*EXTRACTED RECORDS*
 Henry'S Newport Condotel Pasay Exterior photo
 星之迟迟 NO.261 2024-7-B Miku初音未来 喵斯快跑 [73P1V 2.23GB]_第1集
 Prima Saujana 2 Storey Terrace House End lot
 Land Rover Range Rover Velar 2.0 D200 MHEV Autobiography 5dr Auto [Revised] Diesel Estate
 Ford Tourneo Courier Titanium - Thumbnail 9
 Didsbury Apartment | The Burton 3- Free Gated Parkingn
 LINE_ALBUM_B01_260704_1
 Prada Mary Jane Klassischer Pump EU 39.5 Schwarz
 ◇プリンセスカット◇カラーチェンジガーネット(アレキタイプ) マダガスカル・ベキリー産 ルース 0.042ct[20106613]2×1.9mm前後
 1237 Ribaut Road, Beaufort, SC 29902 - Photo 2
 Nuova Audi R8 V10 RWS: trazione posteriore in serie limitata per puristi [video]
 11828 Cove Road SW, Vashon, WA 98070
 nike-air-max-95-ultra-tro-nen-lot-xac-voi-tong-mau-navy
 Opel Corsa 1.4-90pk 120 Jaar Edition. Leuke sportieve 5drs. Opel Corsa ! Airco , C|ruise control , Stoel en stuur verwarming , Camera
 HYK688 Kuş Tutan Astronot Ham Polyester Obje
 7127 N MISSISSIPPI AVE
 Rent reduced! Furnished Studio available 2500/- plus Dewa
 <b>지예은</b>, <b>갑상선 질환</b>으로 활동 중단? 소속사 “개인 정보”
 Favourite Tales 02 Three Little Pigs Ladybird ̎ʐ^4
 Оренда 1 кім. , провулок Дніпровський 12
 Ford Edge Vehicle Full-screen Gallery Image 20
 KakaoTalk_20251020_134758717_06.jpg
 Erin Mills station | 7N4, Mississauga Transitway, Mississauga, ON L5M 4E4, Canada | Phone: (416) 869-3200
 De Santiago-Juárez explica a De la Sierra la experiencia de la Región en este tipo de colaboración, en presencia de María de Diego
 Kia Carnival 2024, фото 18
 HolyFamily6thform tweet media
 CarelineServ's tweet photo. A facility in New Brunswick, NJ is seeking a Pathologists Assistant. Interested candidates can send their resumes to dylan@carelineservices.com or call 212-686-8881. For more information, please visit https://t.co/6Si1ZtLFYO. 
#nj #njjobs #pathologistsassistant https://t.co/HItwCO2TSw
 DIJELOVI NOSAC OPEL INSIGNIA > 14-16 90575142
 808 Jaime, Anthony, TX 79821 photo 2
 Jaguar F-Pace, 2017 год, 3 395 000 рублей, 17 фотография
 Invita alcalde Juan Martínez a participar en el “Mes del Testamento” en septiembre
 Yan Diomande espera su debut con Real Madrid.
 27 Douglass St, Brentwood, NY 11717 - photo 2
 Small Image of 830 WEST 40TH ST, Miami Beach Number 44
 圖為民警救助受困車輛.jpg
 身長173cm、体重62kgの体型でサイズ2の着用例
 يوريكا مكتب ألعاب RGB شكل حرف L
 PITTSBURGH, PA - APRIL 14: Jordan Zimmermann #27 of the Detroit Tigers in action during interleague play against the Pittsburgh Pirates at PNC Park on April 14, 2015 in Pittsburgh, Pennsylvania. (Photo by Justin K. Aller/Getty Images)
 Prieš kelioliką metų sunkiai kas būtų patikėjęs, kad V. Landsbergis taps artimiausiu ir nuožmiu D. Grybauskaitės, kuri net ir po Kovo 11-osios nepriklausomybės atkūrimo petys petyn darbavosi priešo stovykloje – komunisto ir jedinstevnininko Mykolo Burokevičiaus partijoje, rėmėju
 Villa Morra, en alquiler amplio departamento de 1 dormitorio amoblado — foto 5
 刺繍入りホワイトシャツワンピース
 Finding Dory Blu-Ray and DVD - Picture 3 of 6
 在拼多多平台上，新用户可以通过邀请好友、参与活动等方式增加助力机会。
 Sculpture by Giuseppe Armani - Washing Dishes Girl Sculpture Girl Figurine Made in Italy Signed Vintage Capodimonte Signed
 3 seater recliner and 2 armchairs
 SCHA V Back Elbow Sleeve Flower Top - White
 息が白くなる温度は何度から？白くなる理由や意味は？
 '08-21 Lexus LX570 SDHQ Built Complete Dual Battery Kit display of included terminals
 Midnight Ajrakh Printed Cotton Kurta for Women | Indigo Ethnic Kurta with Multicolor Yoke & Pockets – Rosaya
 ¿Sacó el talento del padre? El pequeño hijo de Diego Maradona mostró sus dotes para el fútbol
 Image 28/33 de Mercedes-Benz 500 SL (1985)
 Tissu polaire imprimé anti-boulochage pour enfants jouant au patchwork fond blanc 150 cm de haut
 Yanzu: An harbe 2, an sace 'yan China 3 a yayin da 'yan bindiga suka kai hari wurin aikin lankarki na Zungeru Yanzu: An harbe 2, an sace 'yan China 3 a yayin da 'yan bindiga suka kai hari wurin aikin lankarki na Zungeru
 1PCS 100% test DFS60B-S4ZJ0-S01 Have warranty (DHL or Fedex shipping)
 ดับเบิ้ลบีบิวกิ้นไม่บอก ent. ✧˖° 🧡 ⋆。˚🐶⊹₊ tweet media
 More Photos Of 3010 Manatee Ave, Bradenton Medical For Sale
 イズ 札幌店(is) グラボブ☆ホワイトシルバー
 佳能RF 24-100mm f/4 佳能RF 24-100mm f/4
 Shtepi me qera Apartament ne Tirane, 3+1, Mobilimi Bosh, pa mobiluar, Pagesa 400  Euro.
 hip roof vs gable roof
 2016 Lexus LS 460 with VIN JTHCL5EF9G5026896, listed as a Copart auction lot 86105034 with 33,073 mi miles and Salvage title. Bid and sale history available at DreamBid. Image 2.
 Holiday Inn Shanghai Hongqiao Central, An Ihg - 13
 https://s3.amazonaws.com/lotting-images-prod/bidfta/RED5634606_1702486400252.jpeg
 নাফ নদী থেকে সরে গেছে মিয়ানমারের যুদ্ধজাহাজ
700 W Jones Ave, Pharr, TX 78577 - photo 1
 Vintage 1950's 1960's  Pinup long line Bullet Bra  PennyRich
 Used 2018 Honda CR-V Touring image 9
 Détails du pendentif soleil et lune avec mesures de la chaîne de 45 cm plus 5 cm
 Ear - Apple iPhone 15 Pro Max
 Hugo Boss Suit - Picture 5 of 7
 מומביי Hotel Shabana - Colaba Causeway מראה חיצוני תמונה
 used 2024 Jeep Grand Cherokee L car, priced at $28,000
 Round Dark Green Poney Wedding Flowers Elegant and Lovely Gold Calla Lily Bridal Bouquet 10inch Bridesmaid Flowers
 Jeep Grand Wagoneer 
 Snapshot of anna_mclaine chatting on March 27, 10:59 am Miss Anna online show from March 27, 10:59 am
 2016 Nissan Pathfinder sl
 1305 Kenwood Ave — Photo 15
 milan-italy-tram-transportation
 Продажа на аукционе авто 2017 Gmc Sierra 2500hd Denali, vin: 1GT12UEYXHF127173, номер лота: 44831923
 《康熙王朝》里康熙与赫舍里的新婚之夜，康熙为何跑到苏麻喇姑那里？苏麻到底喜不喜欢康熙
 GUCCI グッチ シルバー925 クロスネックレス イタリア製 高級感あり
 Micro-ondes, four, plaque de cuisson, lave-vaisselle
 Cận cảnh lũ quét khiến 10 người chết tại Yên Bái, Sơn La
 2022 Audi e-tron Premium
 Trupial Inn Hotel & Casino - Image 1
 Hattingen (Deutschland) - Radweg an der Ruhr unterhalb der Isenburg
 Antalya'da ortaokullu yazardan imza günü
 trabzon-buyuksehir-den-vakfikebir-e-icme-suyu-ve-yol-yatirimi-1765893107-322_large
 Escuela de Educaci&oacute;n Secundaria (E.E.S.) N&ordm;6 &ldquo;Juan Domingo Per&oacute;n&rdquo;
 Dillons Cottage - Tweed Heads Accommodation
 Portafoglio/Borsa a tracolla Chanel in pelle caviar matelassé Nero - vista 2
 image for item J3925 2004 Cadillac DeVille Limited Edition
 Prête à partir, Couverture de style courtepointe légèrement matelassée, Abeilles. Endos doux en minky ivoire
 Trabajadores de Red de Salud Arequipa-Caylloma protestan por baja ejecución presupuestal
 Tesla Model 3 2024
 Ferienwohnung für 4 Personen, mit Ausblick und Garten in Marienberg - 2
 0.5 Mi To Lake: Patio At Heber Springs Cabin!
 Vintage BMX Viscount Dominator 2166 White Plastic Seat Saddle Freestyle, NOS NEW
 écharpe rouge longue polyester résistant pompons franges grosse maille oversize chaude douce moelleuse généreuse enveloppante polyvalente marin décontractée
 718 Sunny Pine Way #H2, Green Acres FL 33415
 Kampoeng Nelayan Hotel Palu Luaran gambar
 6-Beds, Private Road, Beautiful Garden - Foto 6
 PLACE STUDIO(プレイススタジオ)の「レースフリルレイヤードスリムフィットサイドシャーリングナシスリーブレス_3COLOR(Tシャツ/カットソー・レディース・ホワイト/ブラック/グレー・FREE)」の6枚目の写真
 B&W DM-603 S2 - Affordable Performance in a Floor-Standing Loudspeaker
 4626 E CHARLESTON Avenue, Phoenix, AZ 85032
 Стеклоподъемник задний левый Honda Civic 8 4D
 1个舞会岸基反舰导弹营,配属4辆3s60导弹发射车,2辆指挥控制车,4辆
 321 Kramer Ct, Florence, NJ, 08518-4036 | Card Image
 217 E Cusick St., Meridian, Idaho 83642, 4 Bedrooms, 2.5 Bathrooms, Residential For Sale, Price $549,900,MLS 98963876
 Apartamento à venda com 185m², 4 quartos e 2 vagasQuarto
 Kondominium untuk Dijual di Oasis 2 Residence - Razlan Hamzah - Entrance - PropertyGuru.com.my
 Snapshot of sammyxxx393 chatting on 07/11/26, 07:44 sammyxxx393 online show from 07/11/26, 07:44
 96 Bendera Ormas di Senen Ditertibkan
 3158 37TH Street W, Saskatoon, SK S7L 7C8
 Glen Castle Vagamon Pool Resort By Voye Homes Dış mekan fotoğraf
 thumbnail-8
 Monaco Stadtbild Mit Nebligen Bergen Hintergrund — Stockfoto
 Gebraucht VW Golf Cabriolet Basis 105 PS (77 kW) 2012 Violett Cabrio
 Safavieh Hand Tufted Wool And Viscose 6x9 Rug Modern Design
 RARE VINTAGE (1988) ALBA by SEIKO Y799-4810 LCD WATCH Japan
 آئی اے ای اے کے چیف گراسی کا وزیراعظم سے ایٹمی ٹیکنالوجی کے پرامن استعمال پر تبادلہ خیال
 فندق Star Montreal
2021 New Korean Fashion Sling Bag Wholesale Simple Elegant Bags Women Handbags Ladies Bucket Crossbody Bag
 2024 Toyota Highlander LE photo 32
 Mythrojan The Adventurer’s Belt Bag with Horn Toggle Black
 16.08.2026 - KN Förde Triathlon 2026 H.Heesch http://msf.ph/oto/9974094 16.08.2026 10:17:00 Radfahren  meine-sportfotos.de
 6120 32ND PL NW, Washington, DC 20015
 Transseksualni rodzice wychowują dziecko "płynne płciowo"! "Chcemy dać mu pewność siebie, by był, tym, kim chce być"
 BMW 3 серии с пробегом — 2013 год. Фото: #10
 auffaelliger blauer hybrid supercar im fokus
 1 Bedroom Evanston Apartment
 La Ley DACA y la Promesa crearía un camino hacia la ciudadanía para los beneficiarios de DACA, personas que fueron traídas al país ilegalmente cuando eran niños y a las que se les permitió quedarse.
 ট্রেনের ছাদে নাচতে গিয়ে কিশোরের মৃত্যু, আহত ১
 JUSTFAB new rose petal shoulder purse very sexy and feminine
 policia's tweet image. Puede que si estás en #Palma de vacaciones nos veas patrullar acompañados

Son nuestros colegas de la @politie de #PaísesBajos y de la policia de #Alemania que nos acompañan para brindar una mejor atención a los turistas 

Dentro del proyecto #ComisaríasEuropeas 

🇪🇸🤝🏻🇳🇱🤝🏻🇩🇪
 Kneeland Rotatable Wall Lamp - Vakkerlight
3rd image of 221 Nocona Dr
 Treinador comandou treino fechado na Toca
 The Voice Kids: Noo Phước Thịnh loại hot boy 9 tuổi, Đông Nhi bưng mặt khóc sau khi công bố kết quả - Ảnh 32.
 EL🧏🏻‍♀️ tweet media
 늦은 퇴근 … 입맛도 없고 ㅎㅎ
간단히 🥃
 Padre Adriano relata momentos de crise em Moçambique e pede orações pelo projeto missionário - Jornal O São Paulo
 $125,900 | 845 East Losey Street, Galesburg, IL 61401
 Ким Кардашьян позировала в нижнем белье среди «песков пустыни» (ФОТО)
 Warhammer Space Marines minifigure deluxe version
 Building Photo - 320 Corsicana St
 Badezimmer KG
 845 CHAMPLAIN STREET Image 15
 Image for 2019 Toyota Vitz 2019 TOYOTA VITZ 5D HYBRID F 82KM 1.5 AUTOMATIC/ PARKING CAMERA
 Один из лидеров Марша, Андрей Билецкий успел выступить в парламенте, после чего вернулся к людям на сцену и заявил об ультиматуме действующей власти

*EXERCISE DIRECTIONS*
In the listing above, find the line with "1个舞会岸基反舰导弹营,配属4辆3s60导弹发射车,2辆指挥控制车,4辆" and the line with "Kondominium untuk Dijual". Output those two lines and every line between them, exactly as written.

*REPLY*
 1个舞会岸基反舰导弹营,配属4辆3s60导弹发射车,2辆指挥控制车,4辆
 321 Kramer Ct, Florence, NJ, 08518-4036 | Card Image
 217 E Cusick St., Meridian, Idaho 83642, 4 Bedrooms, 2.5 Bathrooms, Residential For Sale, Price $549,900,MLS 98963876
 Apartamento à venda com 185m², 4 quartos e 2 vagasQuarto
 Kondominium untuk Dijual di Oasis 2 Residence - Razlan Hamzah - Entrance - PropertyGuru.com.my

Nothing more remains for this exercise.